Yesterday I went to the wonderful Savernake Forest in Wiltshire. It started out as a socially-distanced lockdown autumn colours walk with a friend, but ended up being a fungal foray photography fest!
I was hoping we would see some fungi, so I prepared for it. I took my Olympus E-MD5 MkIII fitted with the superb Olympus 60mm macro lens. It’s a lovely light combination with excellent image quality. The other vital accessories were a black bin liner and a head torch. The bin liner was to allow me to kneel or lie on the ground and stay reasonably dry, and the head torch was to add a bit of light into darker areas.

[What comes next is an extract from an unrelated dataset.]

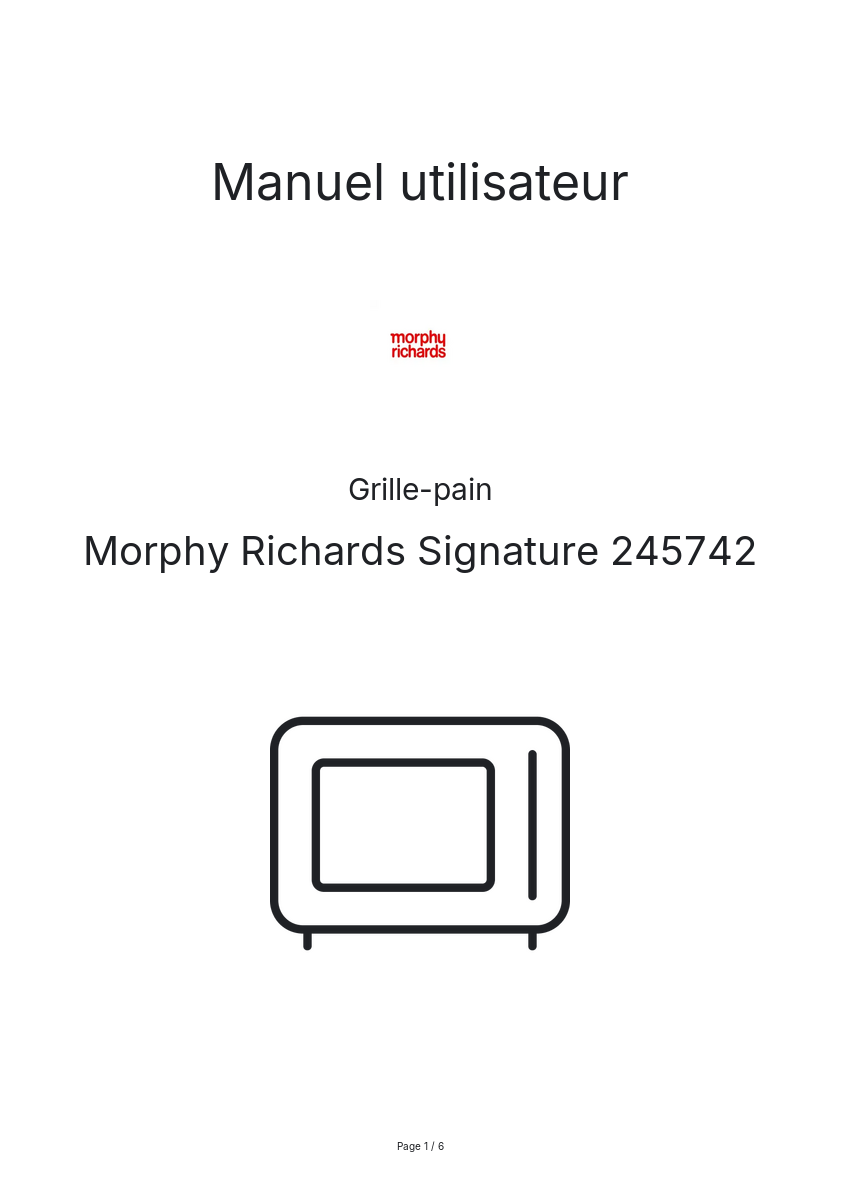 Page n°1 - Manuel utilisateur Morphy Richards Signature 245742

We came across a horizontal rotting log with these delightful parasol fungi on it. Because the trees were so far away it gave a good diffuse background with the colour of the trees showing. The background colours have a similar warmth to the colour of the fungi. At this point the sun was out, so the light was quite directional resulting in good contouring on the parasols.
This tiny little parasol was on the shady side of a log so I had to use 1000ISO to get a reasonable shutter speed. There’s a limit to how slow a shutter speed you can hand-hold even with image stabilisation. Everything around the fungi was green so the creamy-coloured top stood out well. I was careful to ensure that the moss capsule in the foreground was in focus. It adds another area of sharpness in an otherwise diffuse image.
The underside of fungi, with the gill structure, can be more interesting than the tops. I’ve isolate a part of a fungal cap to make a pattern image.
You can find interesting fungi in your garden, so you don’t have to travel to do fungal macro photography. It’s the perfect time of year for it, so why not pop out and have a look?
NB: I did not pick any of these fungi to take back to the studio or to eat. It’s always good to leave things for other people to enjoy. If, like me, you don’t know for certain what species a fungus is, then it’s very, very unwise indeed to eat it.